Consider; more than half or more of the paperwork that causes US H/C to have 11 clerks to Canada's ONE is due to sorting those "covered" and of course the often frustrating for all concerned WHAT is "covered".

And........... yet another of my friends in small biz, was recently cancelled after having had the misfortune of costing the (parasites) a fair sized bill.

BTW using "Johnny Castaway" in your "rights argument" seems, at least awkward. Those of us who travel in remote regions or ply the distant oceans well know that whatEVER access to medical care we have is left behind, for the most part, when we step off the highway system.

Truth is though, here in Alaska our fishermen and remote working folk can be "choppered" to an airport where Jet-Alaska's flying Learjet ambulance can quickly transport them to a small airport minutes from several hospitals. Costly? Yep, but then "we" are out there providing much of America's oil and seafood.


Kate -- Ha! often you're better off with your human intuition than "being an economist". Our Profs often seem to miss the human element in a forest of principles and ideology.

Cash for Cars Florida

It would be great to get far more sources very next time!

Charlotte Attorney

There are so much more poor people in the US than in Europe. And when the government tries to solve that problem, they call them communists... Europe isn't even socialist, they have kind of a socialist culture compared to the US though, and it's working pretty well..!
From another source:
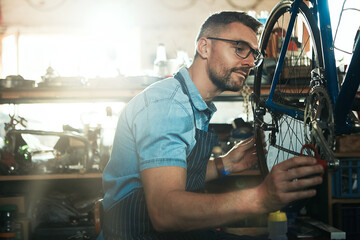 Wall Mural - Man, garage and serious as bicycle mechanic with lens flare in startup or small business. Workshop, tools and confident as handyman with fixing bike at repair or maintenance shop as entrepreneur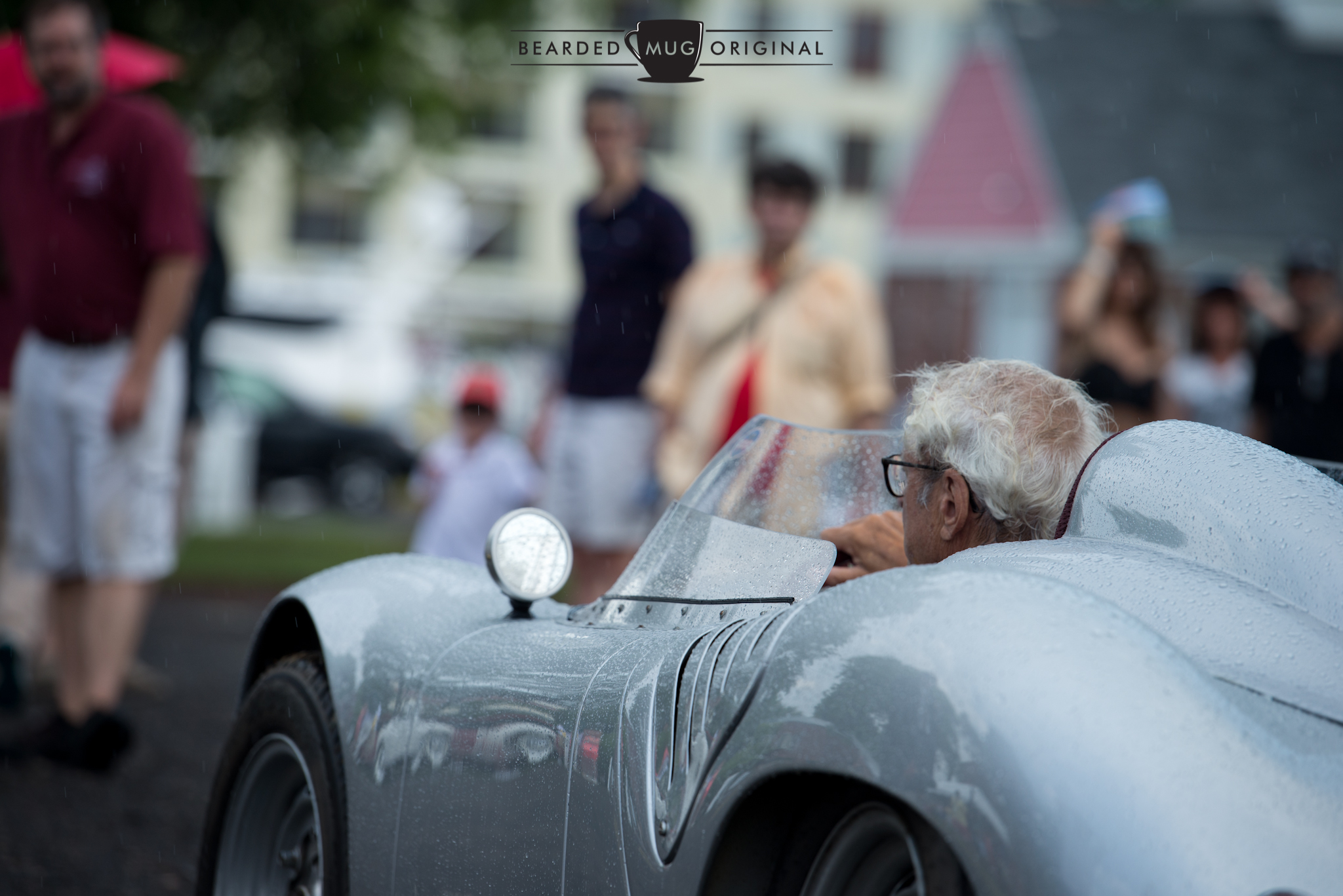 Although it rained during the Concours International awards portion, that did not deter most of the cars from crossing the podium, tops in place or not.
Ugh, I hate when people yammer on ignorantly about "European" socialism, or how we're going to "become France" and this is some terrible thing. Two things, people:

1. France, and Europe generally, is a great place to live. You just sound like an idiot complaining about this country turning into France. Sure, France isn't perfect, but it's not a third world shithole like 75% of the world. Notice that there aren't a whole lot of people trying to leave France and come to the United States. That should tell you something.

2. In case you haven't noticed, the parts of the United States that are the most screwed up are also the least European. Detroit and Baltimore, as mentioned above, and Los Angeles are good examples. You're worried about "becoming France", when large parts of your country are turning into Africa and Mexico. If you let this continue, you will be begging to move to France in a few years.